Task item ::
Although the records contain pictures, print none of them; print exactly the lines from the one with "Samen werken de" through the last line.

Material provided Start Marker

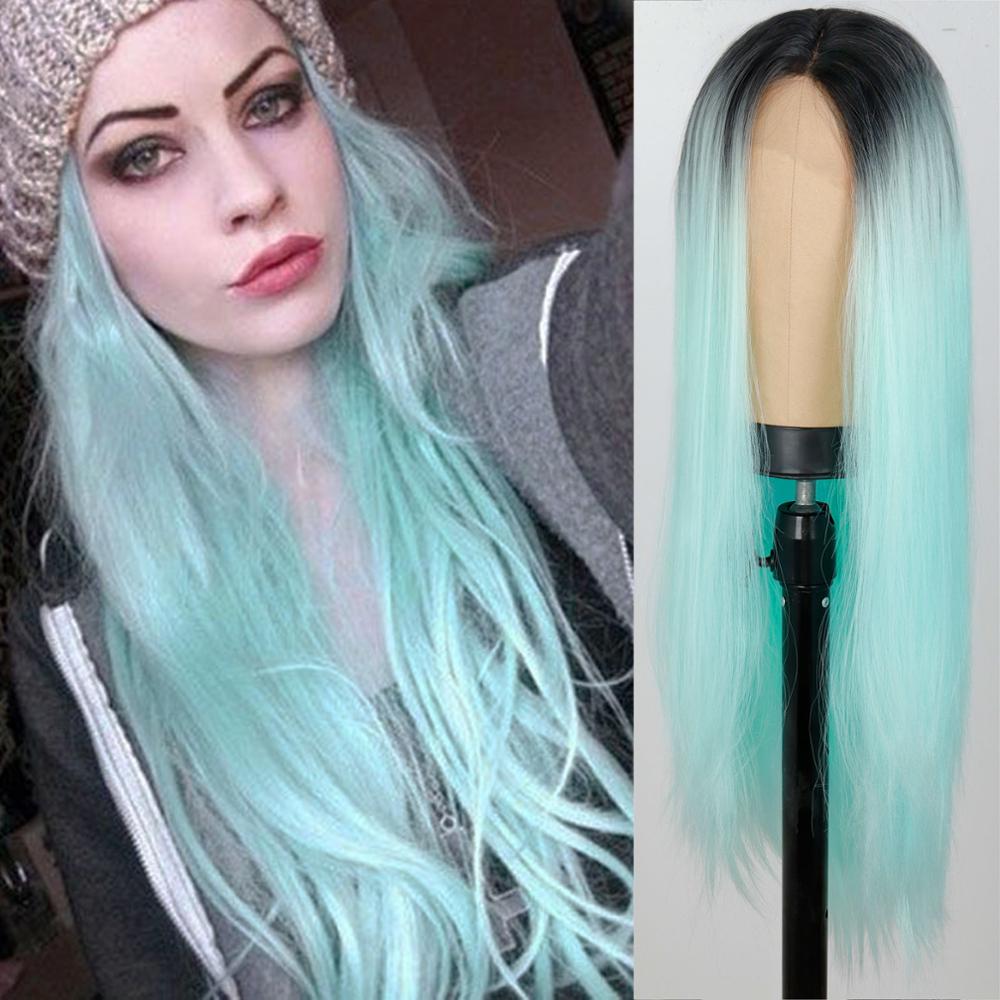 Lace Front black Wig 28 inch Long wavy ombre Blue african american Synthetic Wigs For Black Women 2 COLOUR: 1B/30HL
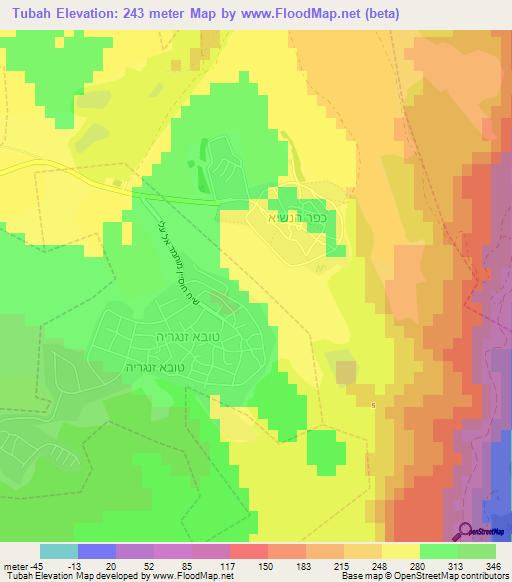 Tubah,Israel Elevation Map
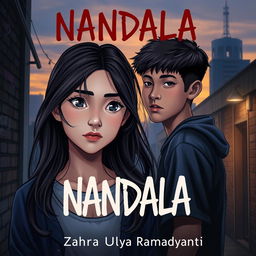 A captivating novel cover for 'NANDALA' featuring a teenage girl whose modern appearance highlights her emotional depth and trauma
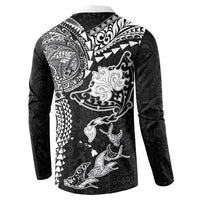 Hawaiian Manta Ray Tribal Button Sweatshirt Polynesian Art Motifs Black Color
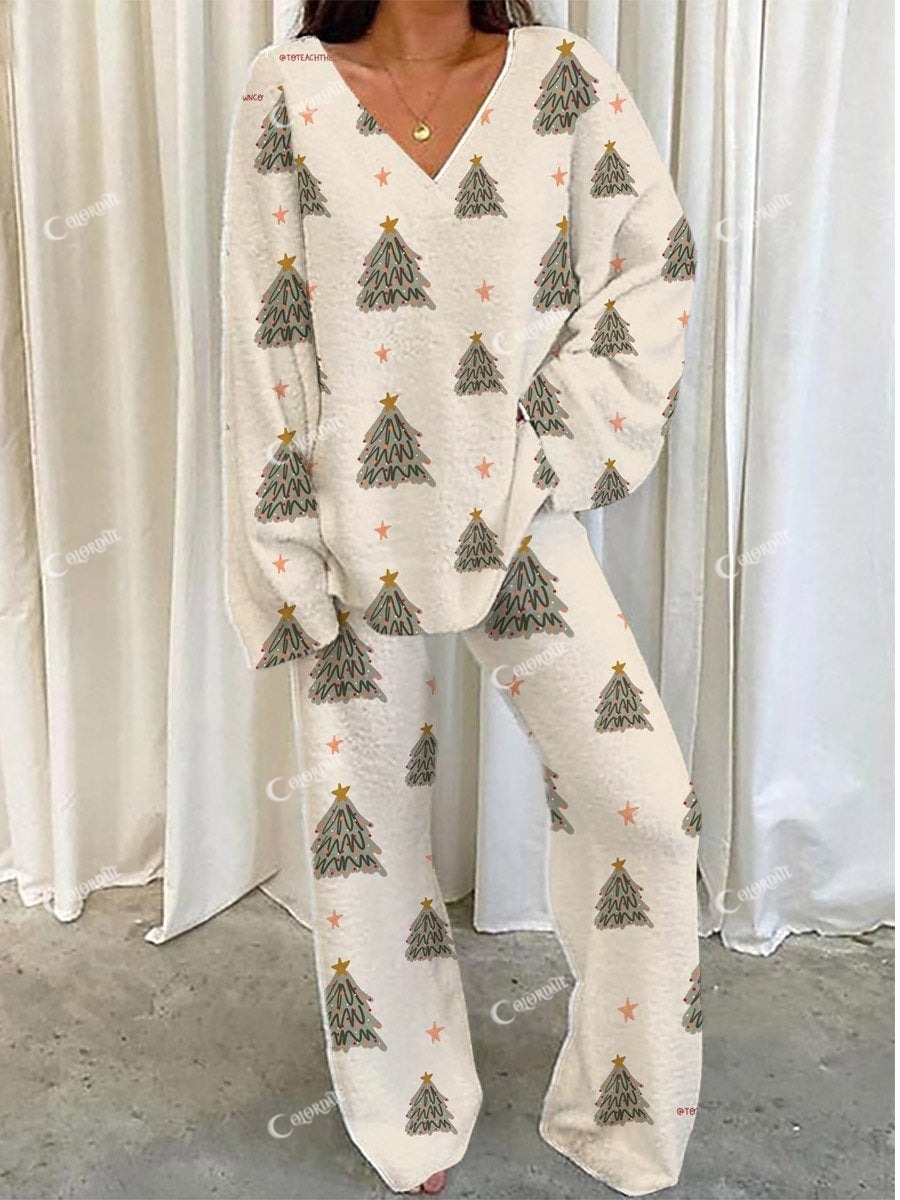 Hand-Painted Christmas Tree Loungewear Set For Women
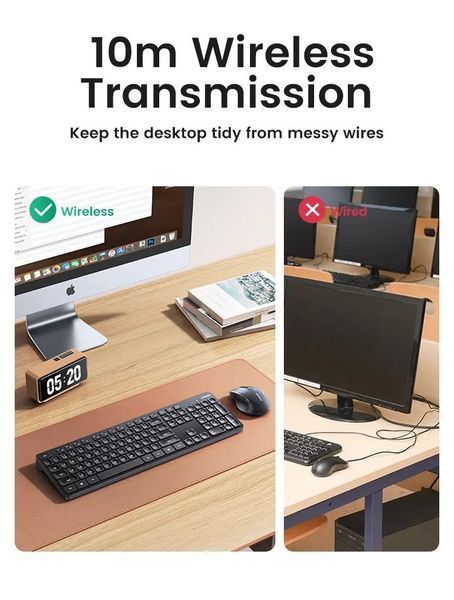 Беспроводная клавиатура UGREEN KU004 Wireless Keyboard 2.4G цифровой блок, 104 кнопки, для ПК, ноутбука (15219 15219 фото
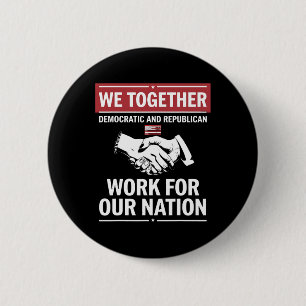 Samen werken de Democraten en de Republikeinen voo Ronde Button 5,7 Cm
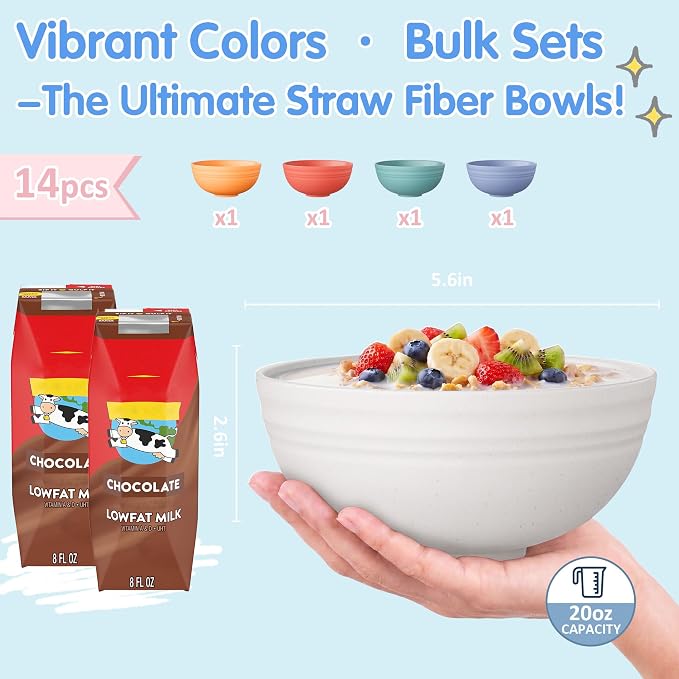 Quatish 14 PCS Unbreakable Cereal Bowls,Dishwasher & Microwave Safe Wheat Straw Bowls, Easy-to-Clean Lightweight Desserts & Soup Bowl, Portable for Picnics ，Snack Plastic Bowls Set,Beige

Material provided End Marker

Result of the task ::
 Samen werken de Democraten en de Republikeinen voo Ronde Button 5,7 Cm
 Quatish 14 PCS Unbreakable Cereal Bowls,Dishwasher & Microwave Safe Wheat Straw Bowls, Easy-to-Clean Lightweight Desserts & Soup Bowl, Portable for Picnics ，Snack Plastic Bowls Set,Beige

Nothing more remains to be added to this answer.